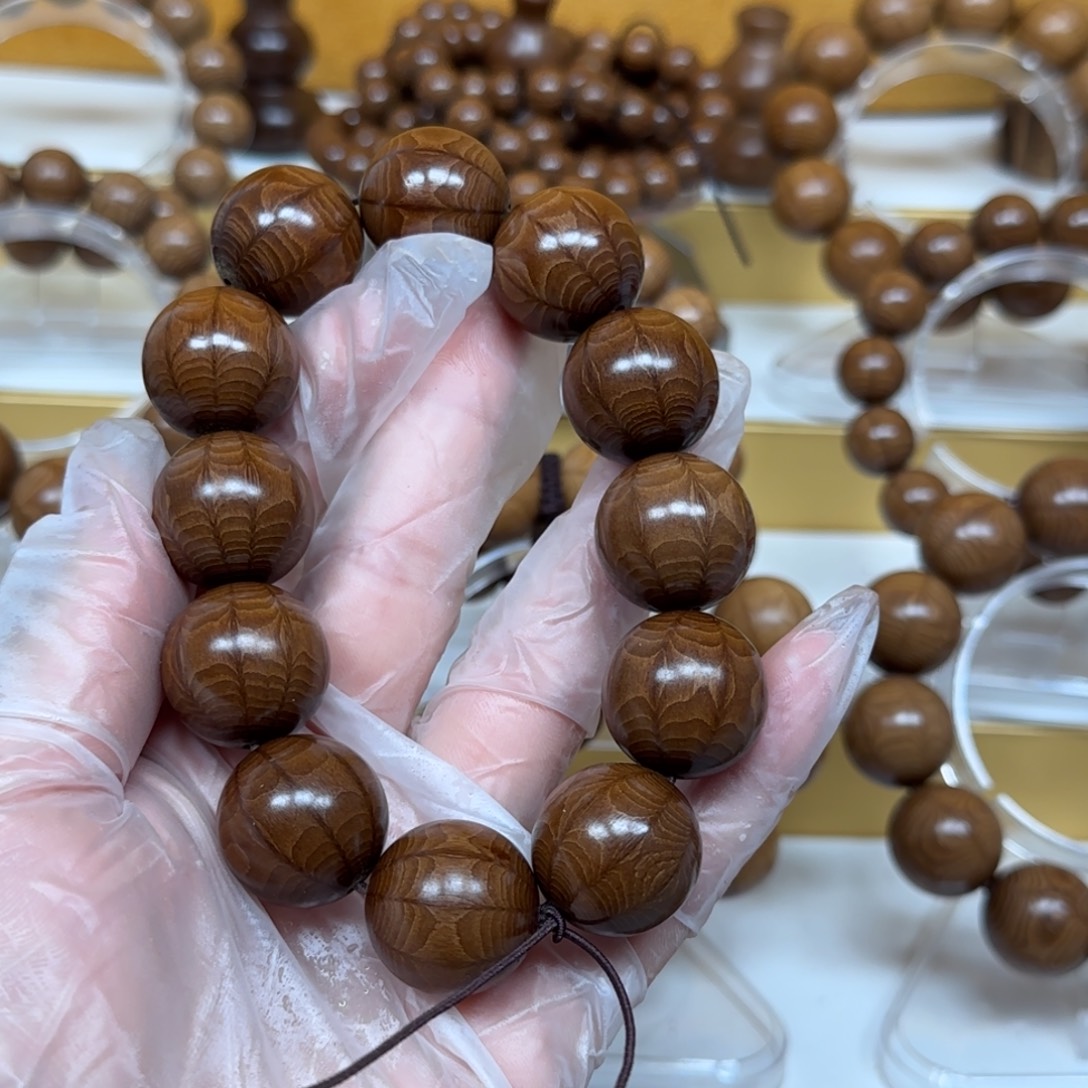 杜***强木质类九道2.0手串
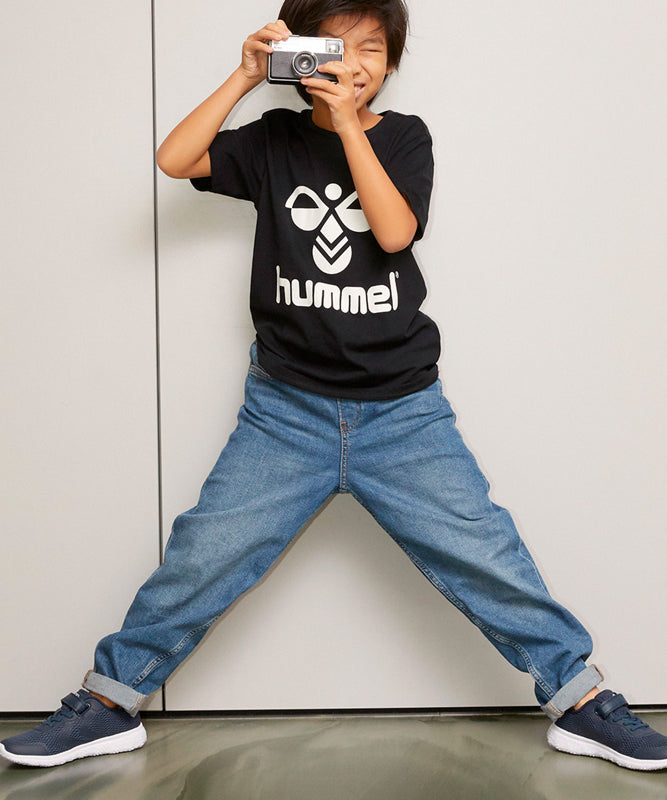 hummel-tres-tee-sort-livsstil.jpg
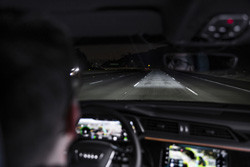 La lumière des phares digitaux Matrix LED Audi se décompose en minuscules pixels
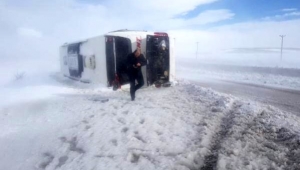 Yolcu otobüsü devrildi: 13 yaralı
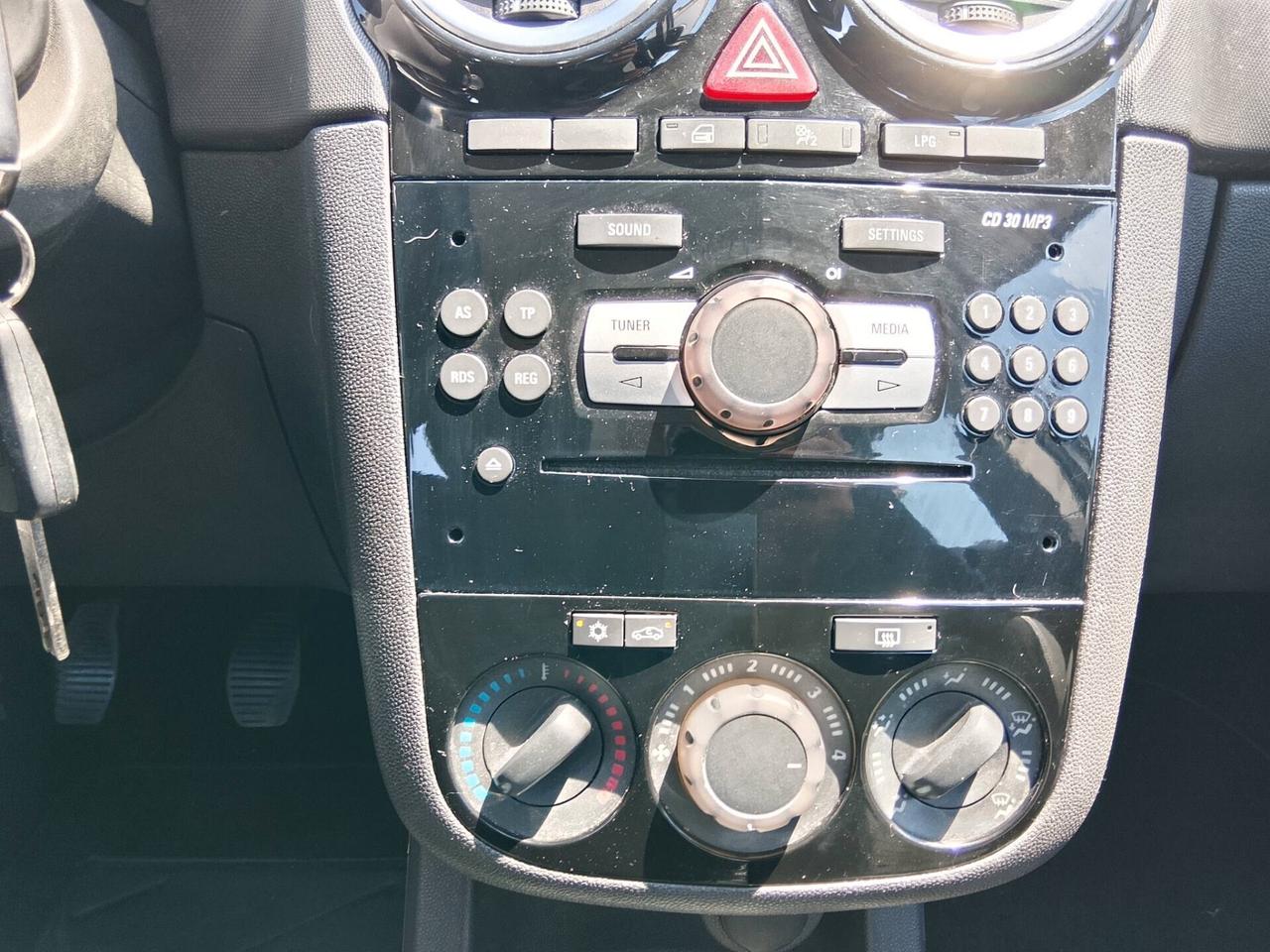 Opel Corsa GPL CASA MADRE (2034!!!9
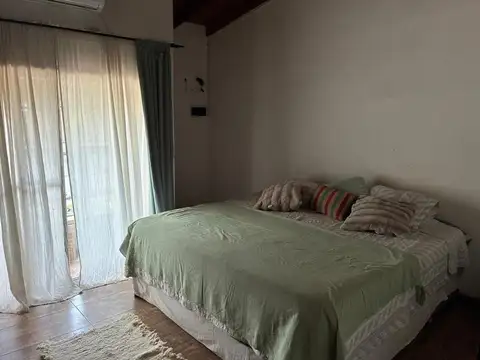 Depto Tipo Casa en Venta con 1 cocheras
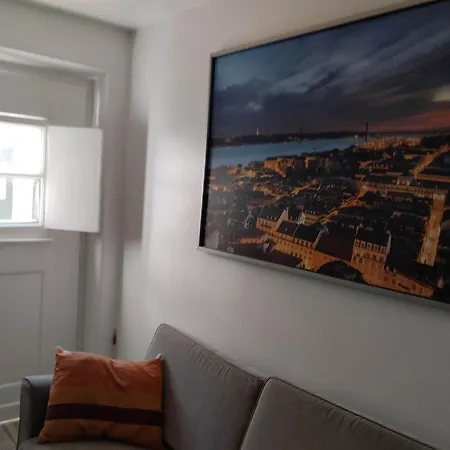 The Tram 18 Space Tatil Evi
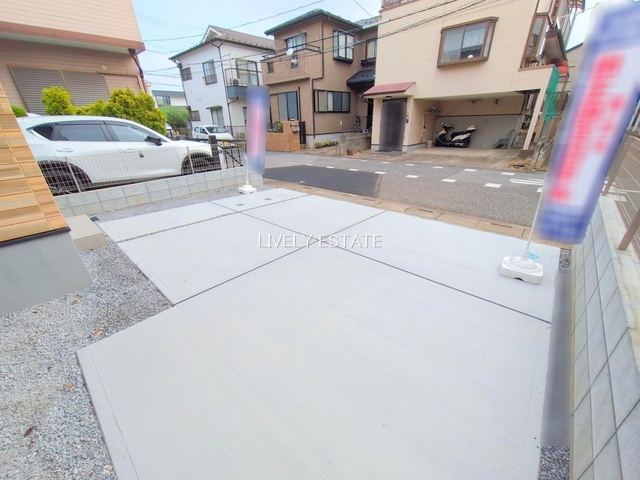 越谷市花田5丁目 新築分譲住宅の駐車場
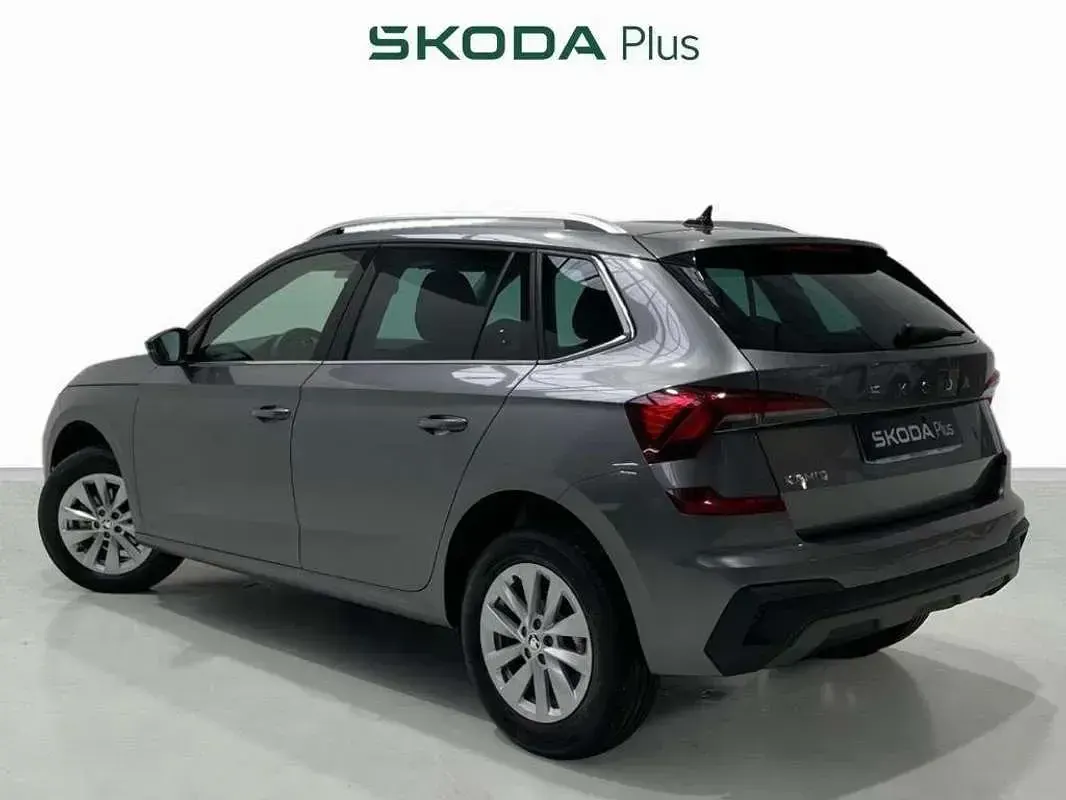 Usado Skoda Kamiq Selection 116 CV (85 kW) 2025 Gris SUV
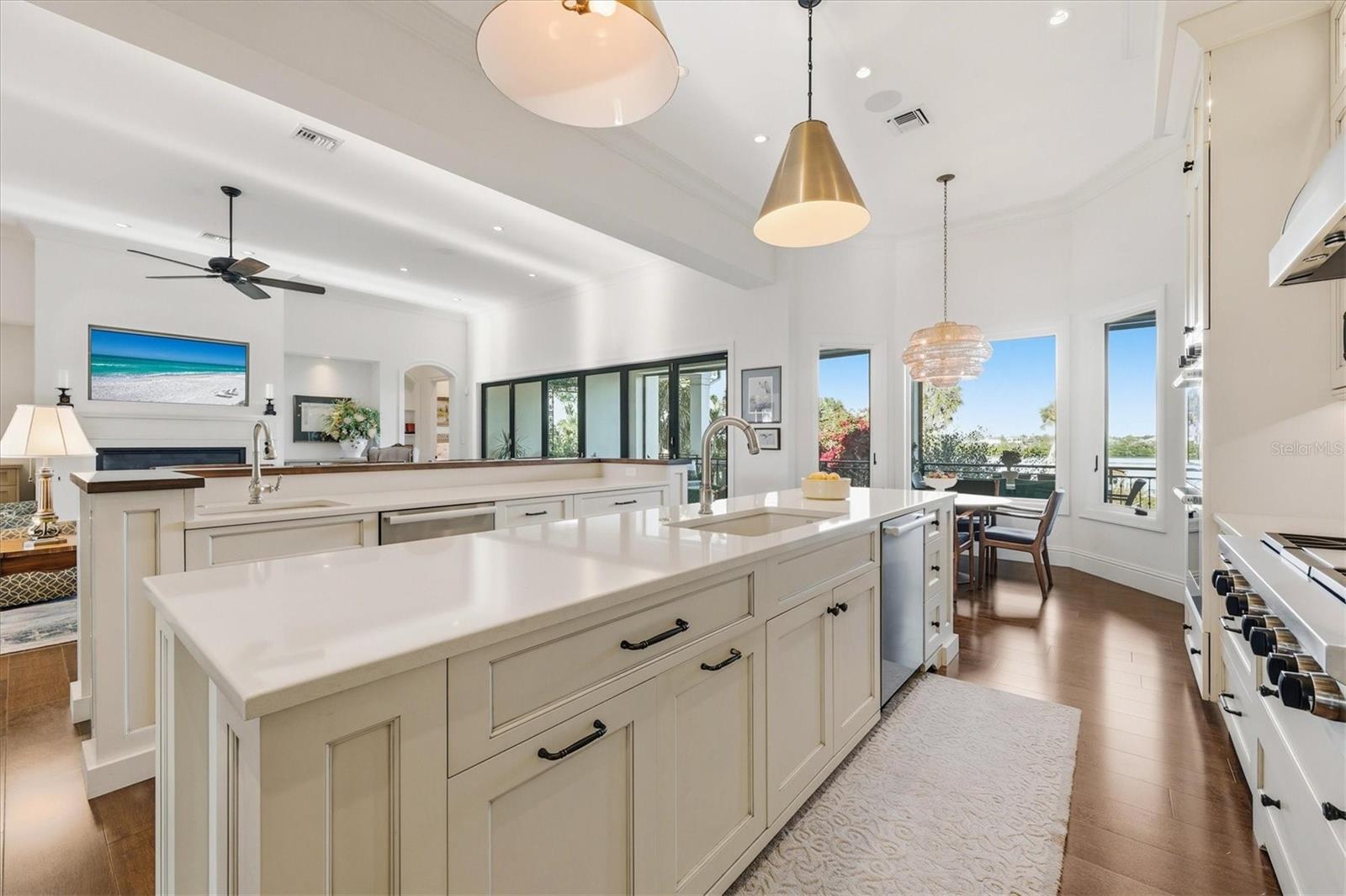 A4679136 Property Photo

· · · · · · ·

§ EXERCISE OBJECTIVE
Drop the images and quote the entries word for word.

§ YOUR SOLUTION
 杜***强木质类九道2.0手串
 hummel-tres-tee-sort-livsstil.jpg
 La lumière des phares digitaux Matrix LED Audi se décompose en minuscules pixels
 Yolcu otobüsü devrildi: 13 yaralı
 Opel Corsa GPL CASA MADRE (2034!!!9
 Depto Tipo Casa en Venta con 1 cocheras
 The Tram 18 Space Tatil Evi
 越谷市花田5丁目 新築分譲住宅の駐車場
 Usado Skoda Kamiq Selection 116 CV (85 kW) 2025 Gris SUV
 A4679136 Property Photo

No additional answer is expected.